Known for its colloquial writing, The Main Street Rag, in its latest issue, features an interview with Steve Roberts, author of the Main Street Rag poetry book Another Word for Home; six fiction entries (though one is also, perplexingly, labeled as “Commentary”); over 100 pages devoted to poetry, including writers such as Lyn Lyfshin; five book reviews, and a page of feedback from readers.
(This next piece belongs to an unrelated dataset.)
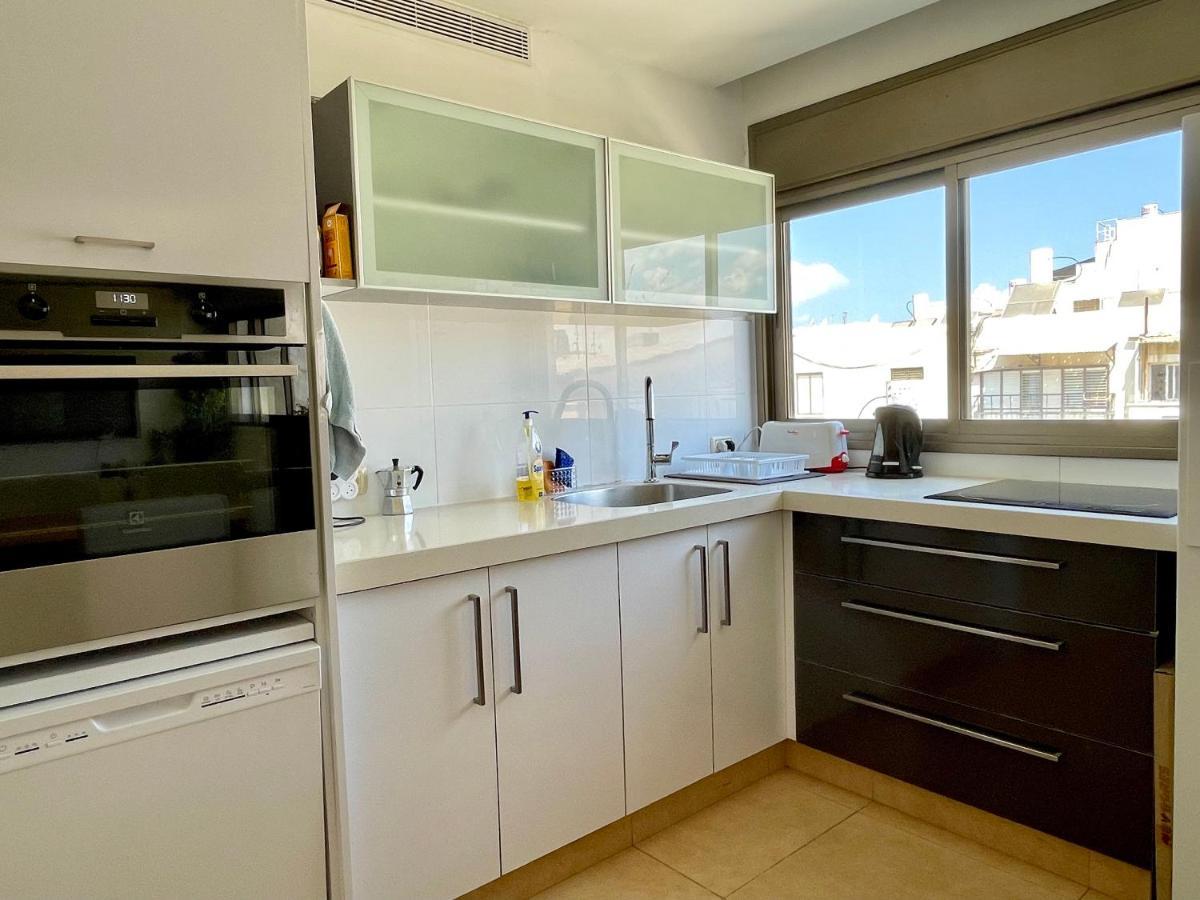 Beautiful 2-Bedroom Condo In The Heart Of Tel Aviv Exterior photo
A handful of typos, a layout that occasionally includes poems by different authors on the same page, and a whimsical “Passenger List” in lieu of the more standard table of contents contribute to the homespun aesthetic. If the journal sometimes reveals its seams, readers and potential contributors will nonetheless find a strong community when it comes to unpretentious poems.
Lines such as,
Beginning in March it is important
To wonder why we are important
If what we do is swill important
Wine and discuss, while drinking, important
Issues of the day…
as well as “I’d drown a thousand midnights in the sea / to recreate just one I spent with you” represent a frequent approach throughout the issue. The poets often favor the occasional abstraction as well as familiar subjects. One poem offers a “Recipe for Success as a Poet” and defiantly concludes with the exhortation:
Do not listen to idiots telling you what you should or should not do
with your life.
Another poem describes the young by remarking, “How restless in their youth.” Poems inspired by Ginsberg and Bukowski appear alongside poems that pay tribute to the everyday, from the New York Yankees to American flags. Banalities do not appear as something to eschew, but as a part of life, equally deserving of attention. As such, The Main Street Rag remains largely true to its purpose, which is in part to present “work that is alive with the poet's own experiences.” Still, one might hope for greater imaginative risks.
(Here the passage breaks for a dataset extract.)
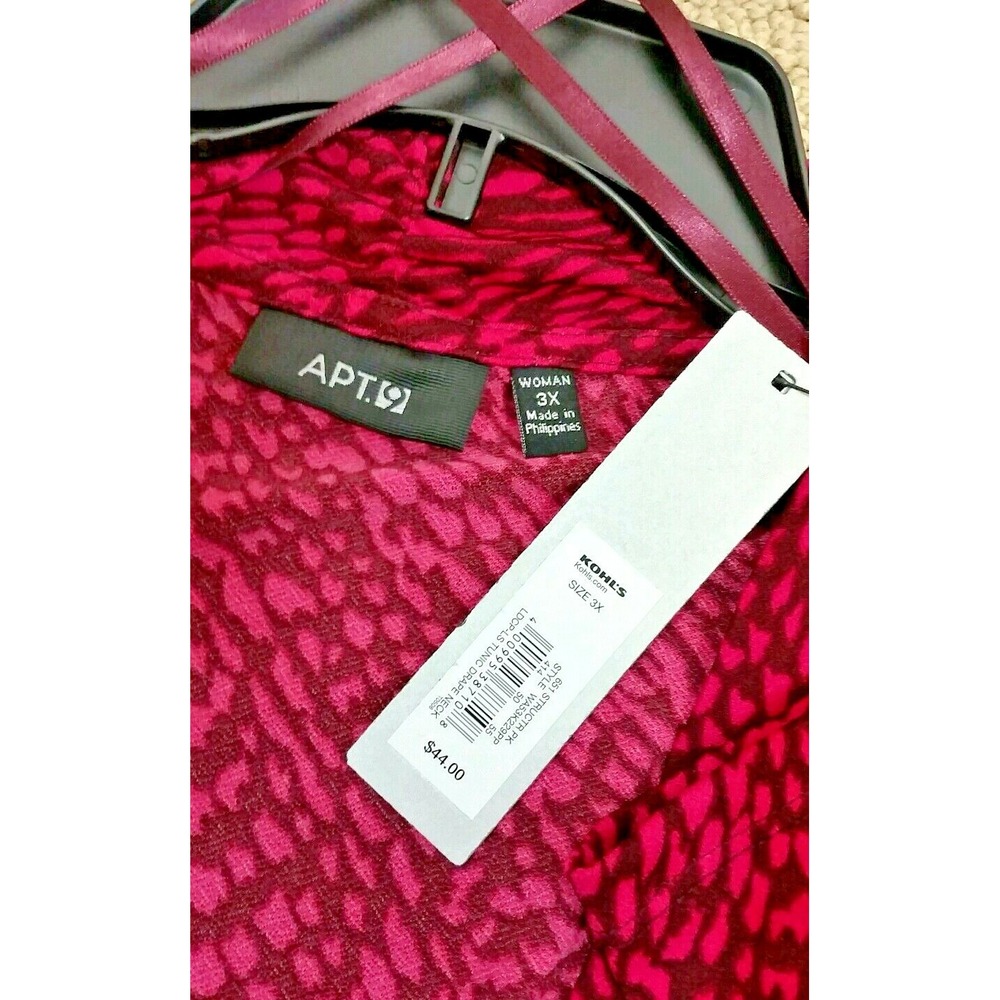 Apt. 9 Berry and Black V-Neck Long Sleeve Print Top - Picture 5 of 5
It should come as little surprise that the issue’s standouts are Rikki Santer’s “Charles Darwin Visits the Beagle Point Mall,” a poem which melds shoppers and commonplace objects with extravagant animals, and Tamas Dobozy’s impactful “Oscar’s Cabinet of Curiosities”—a story that mines the wisdom in tragic circumstances with a fable-like quality. These alone would make the issue a pleasure to explore.